Title: Re: National Cyber Security Centre suspicious email reporting service
Post by: sevenlayermuddle on April 29, 2020, 11:10:44 PM
Google’s gmail already catches the vast majority of malicious email.   

So if NCSC really want to chase up the perpetrators, why not just ask Google for details of the offences?   They’d get a far more reliable data source, compared with seeking input from the idiotic public.

Two reasons spring to mind...

1)  If it were that easy, Google would pursue the perpetrators themselves.
2)  By claiming to be doing something that the public thinks they understand, NCSC get themselves some publicity.
Title: Re: National Cyber Security Centre suspicious email reporting service
Post by: Alex Atkin UK on April 30, 2020, 03:07:14 AM
Shortly after this I get a fake Three UK e-mail, time to test this out.  ;)
Title: Re: National Cyber Security Centre suspicious email reporting service
Post by: sevenlayermuddle on April 30, 2020, 08:30:15 AM
A question, the answer to which I am unsure of...

...If I forward my received spam and or viruses to another recipient such as NCSC, is there a risk that the various spam filtering services will identify me as a ‘sender’ of malicious emails, with the risk that they start treating all of my sent mail as potential spam?
Title: Re: National Cyber Security Centre suspicious email reporting service
Post by: jelv on April 30, 2020, 10:48:49 AM
If the spam reached you (i.e. your email provider didn't see it as spam on the way in) they shouldn't see it as spam on the way out.
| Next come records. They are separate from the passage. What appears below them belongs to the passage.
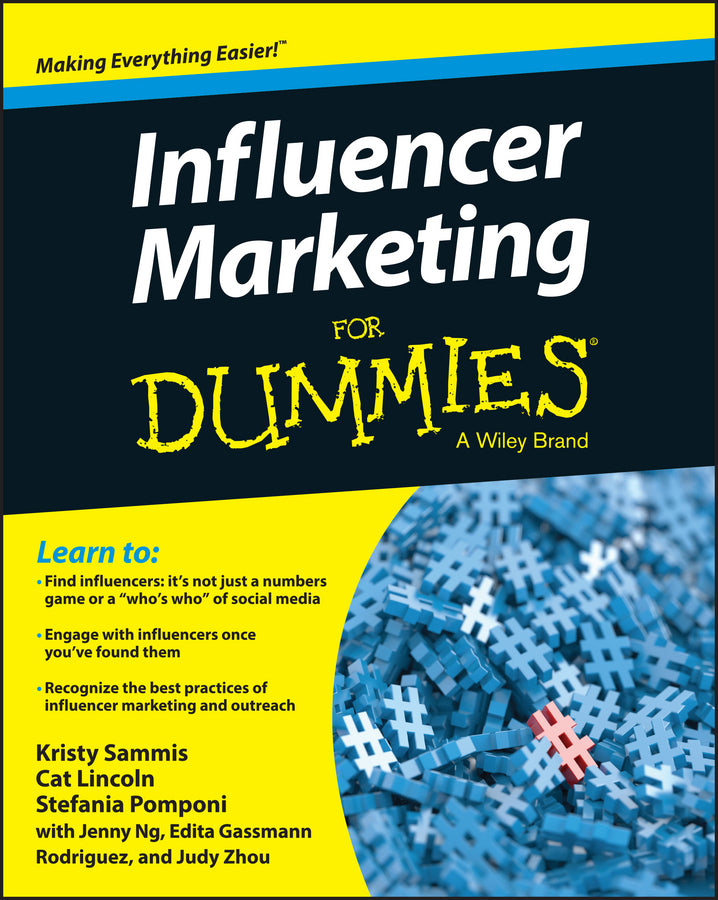 Influencer Marketing For Dummies (Paperback / softback) 9781119114093
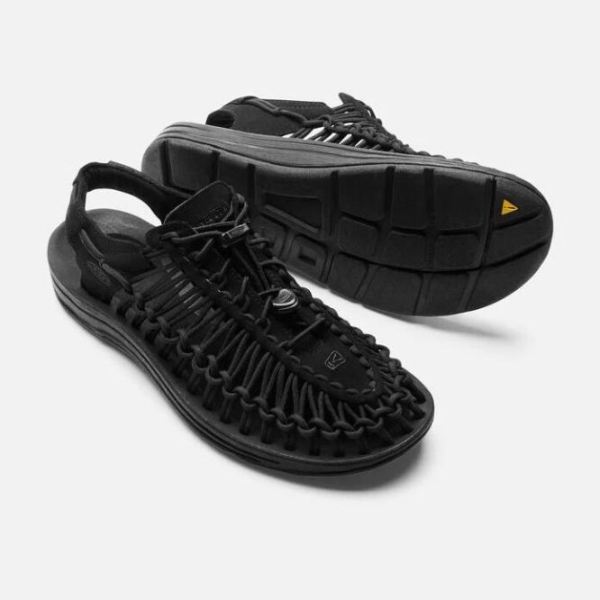 Keen Outlet Men's UNEEK-BLACK/BLACK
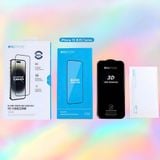  Cường lực Kuzoom 3D Curved Trong Suốt| Chống Nhìn Trộm Không Lẹm Viền Cao Cấp Chính Hãng cho iPhone 17| iPhone 16 Pro/Max| iPhone 15 ProMax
The mail servers at NSCS are not going to be reporting you as a spam sender* and they won't have any filtering service for incoming email (that would defeat the purpose, or if they do it would be specific filtering to drop those that they already know about), so I can't see where you could be possibly be identified as a spam sender.

* Unless you start creating new original malicious emails to them yourself!
Title: Re: National Cyber Security Centre suspicious email reporting service
Post by: sevenlayermuddle on April 30, 2020, 11:07:39 AM
Hmmm, it is as long as I can remember since I received any malicious email that was not detected by Google’s spam filters and sent to my spam folder, so it’s mainly that spam that would benefit from NCSC analysis in my case.

I did once try to forward a malicious email from my spam folder.   It was a rather nasty (ie quite convincing) fake invoice/phishing attempt that had been ‘sent’ by a local firm of tree surgeons who’d recently done some work for me, and who’s account had been obviously compromised.  I phoned them first to clear the way, then tried to send it back to them in case they wanted to see the evidence.

Gmail point blank refused to let me forward it since it contained a link to a known malicious URL, but can’t remember the exact nature of refusal.
Title: Re: National Cyber Security Centre suspicious email reporting service
Post by: Ronski on April 30, 2020, 09:11:02 PM
I just read this thread, and thought perfect just deleted a spam email with a suspicious attachment, so forwarded it to the provided address and got the following failure reply.

The above failure was down to my email client (Outlook), had the same issue tonight, turned out “My Server Requires Authentication” was no longer ticked  ???